In this example, we use the model by taking measurements of specific flowers of which don’t know the species.
Our model will read the input (new measurements), perform a calculation of some kind with it’s internal numbers and make a prediction about which species of flower it happens to be.
The prediction may not be perfect, but if you have good sample data and a robust model learned from that data, it will be quite accurate.
In this post we have taken a very gentle introduction to predictive modeling.
The three aspects of predictive modeling we looked at were:
- Sample Data: the data that we collect that describes our problem with known relationships between inputs and outputs.
- Learn a Model: the algorithm that we use on the sample data to create a model that we can later use over and over again.
- Making Predictions: the use of our learned model on new data for which we don’t know the output.
We used the example of classifying plant species based on flower measurements.
This is in fact a famous example in machine learning because it’s a good clean dataset and the problem is easy to understand.
Take a moment and really understand these concepts.
They are the foundation of any thinking or work that you might do in machine learning.
Your action step is to think through the three aspects (data, model, predictions) and relate them to a problem that you would like to work on.
Any questions at all, please ask in the comments. I’m here to help.
Indeed a very clear, concise high level overview of Machine learning based predictive modeling, great read, looking forward to subsequent reads that will be focusing on model/hypothesis creation based on data, again at a high level of abstraction leaving out the statistical wizardry for advance reads
So are there other ways for doing predictive modeling that do not rely on machine learning?
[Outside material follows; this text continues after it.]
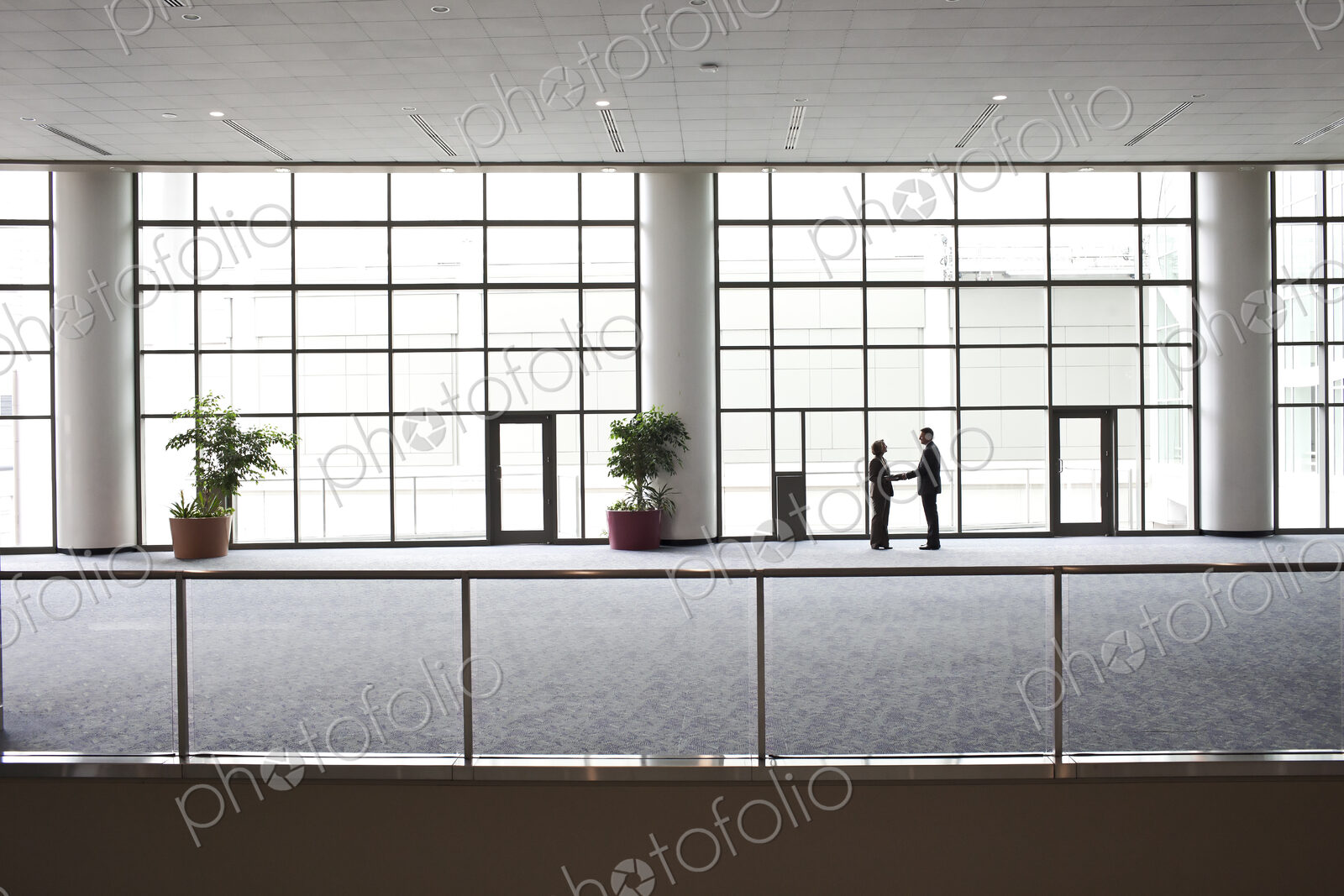 Two businessmen silhouetted and shaking hands in front of a large convention center…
And additionally: all machine learning algorithms (neural networks, decision trees, SVMs, …) can be considered as part of predictive modeling?
Good point Rhymeface.
Machine Learning is the set of tools we use to create our predictive models. We don’t have to use machine learning. For example, the simplest type of prediction is to use the mean value.
I would rephrase it as predictive modeling is the most common type of problem that we solve with machine learning (e.g. classification and regression problems).
What other ways are there to donpredictive modelling?
Sure, if we have regression dataset, I could give the mean value seen so far or the last value seen as a prediction of what to expect next.
In a classification problem, we could estimate the class as the most frequent class observed.
These methods are pure stats and generally uninteresting, but are examples of predictive modeling without using machine learning.
Loved it! Simple enough for a beginner to understand.
Your post was very clear and i’m excited to read more from your site. I’m new to machine learning and coding. I have very minimal experience in data visualization. But I have rudimentary knowledge in statistics. I guess at this point, i’d like to know where I should start in learning to create algorithms to learn datasets. thanks!!!
Great to have you here Paul.
I hope that I can help you on your machine learning journey.
Which learning machines can be adopted for prediction?
I have read your folowing article
Can I adopt all the algorithms that you mentioned ? and where are positioned the support vector machines in your list?
This is a good article. Do you have example that shows model created from training data. would we use the machine learning algorithms to create predictive model or we use algorithms after model is created with the new data.
I am new to machine learning and exploring to use it for fault detection problem.
This was a great post, thanks. I am trying to become a DS and am taking IBMs Big Data University and needed this portion on what is predictive modeling cleared up.
This a good post, thank you. If anyone could help me develop a model or an algorithm for a weighted moving window the data samples in the best possible way, it would be really very helpful.
I never read such an amazing post like this! I completely understand the topic in one go. Thanks for the post!!
This is a good post i must say. I am new to machine learning and exploring to use it for career match or match-making problem. I would like to know which algorithm and technique to use in this type of a problem?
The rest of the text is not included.